For me, there are two types of activities: things I know I can do well, no matter the amount of preparation, and things I know I can’t do well, no matter the amount of preparation. Regarding the latter, these are things that I know that, no matter how much I think about them, no matter how much brainpower I use, my hands and muscles aren’t trained well enough to do what my brain says. Imagine a surgeon on his first day. So I don’t have patience. I lack it. I know that no matter how much I prepare, I will still mess up whatever I’m doing and have to do it one more time. I don’t want to prepare; I want to get in there and get my hands dirty. I don’t want to wait. I want to do.

This may seem silly, like a waste. Everyone knows you should prepare. It saves a lot of time, effort, frustration, and money. I know this. I know this and despite this, I still want to get in there and mess up. I learn by mistakes when I don’t know better. I’ll do something hastily the first time and learn where all my mistakes would have been anyway, no matter the amount of preparation I had put into something. So I jump in, make my mistakes, and do it right the second time.

I suppose an example would be useful. I am terrible. No, wait, let me underline it. I am terrible at doing work with my hands, things around the house. I mean typically wood work. Like working with putty and bondo. Fixing a hole in a door. Putting down new flooring or quarter round. So if I know I am going to do something that I’m not good at, I hardly prepare. I know it won’t make any difference, I’m still going to mess it up. No matter how careful I am. But by doing it once and messing it up, I get a feel for how to do something.

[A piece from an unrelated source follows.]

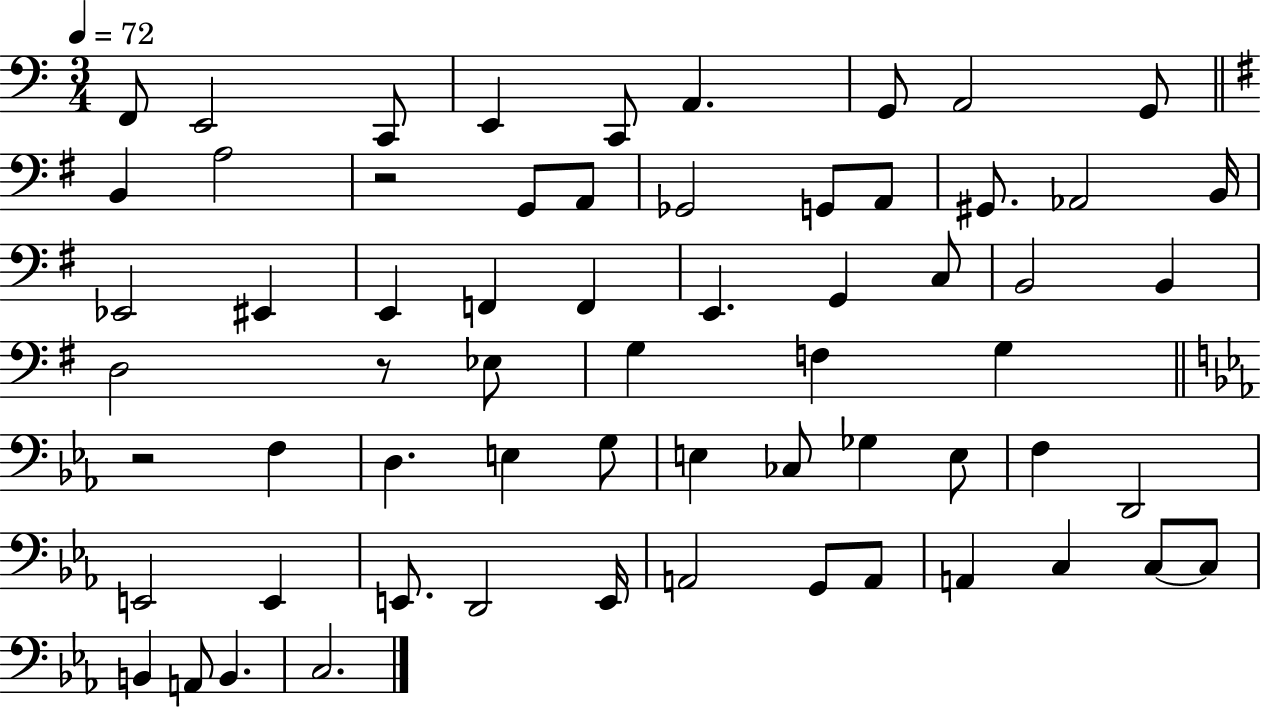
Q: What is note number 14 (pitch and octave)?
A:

Once I needed to replace a piece of wood on the threshold of my front door. Termites, you see. Taking it up is not hard, of course. Use a hammer or a crowbar and pull it up. Be careful not to scratch the door, framing, or other parts of the wood floor. You can see the caulk come up with it. A lesson on entropy here. That’s how easy it is to pull up. To put down, you have to find the same type of wood, the same style, get it cut exactly the same length, maybe one or both of the end needs to be a 45° angle. You then need to nail it down with finishing nails. Paint it. Then caulk it. And you’ve needed to buy all this stuff, along with the paintbrush and caulk gun if you didn’t have them already. It’s a lot of more time and effort. So I do it twice. I know I’m going to mess this up somewhere. The cutting of the wood (the length and/or the angles). Of course, if you cut it too short, you need more wood. It may be a good idea to get extra on your run to Home Depot. I would mess up the nails. The painting. The caulk. Something, somewhere. So I do it once, get in some practice, and do it again much better the second time.

That is my whole point. Do it once to learn from your mistakes without the heavy investment of proper preparation.

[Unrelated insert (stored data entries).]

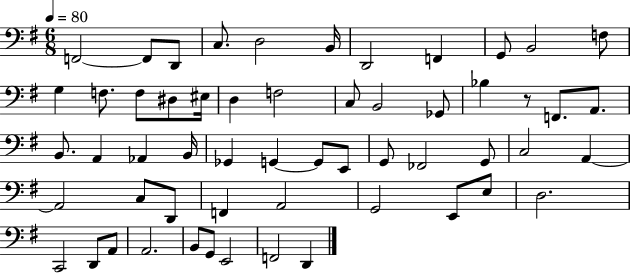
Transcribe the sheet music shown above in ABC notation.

X:1
T:Untitled
M:6/8
L:1/4
K:G
F,,2 F,,/2 D,,/2 C,/2 D,2 B,,/4 D,,2 F,, G,,/2 B,,2 F,/2 G, F,/2 F,/2 ^D,/2 ^E,/4 D, F,2 C,/2 B,,2 _G,,/2 _B, z/2 F,,/2 A,,/2 B,,/2 A,, _A,, B,,/4 _G,, G,, G,,/2 E,,/2 G,,/2 _F,,2 G,,/2 C,2 A,, A,,2 C,/2 D,,/2 F,, A,,2 G,,2 E,,/2 E,/2 D,2 C,,2 D,,/2 A,,/2 A,,2 B,,/2 G,,/2 E,,2 F,,2 D,,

I do this at work as well. When I’m in a situation I haven’t been in before or don’t know how to handle, I do my best, make my best decision given the information in front of me. I know it’s good but it never feels quite right. But I pay very close attention to what I do, what others do, including their reaction to my actions, and I learn from it. I do it better the next time. What else can I do?

This is my point about perfection. It’s not about getting it right the first time. I play the long game. I get it right the second time, or at least eventually. But you don’t stop until it’s right. And you’ll never get it perfect. Humans aren’t robots. There is something to be said for perfection and I’m not suggesting you stop at pretty good. But you have to adjust your expectations to fit reality. It doesn’t have to be perfect. Just humanly perfect.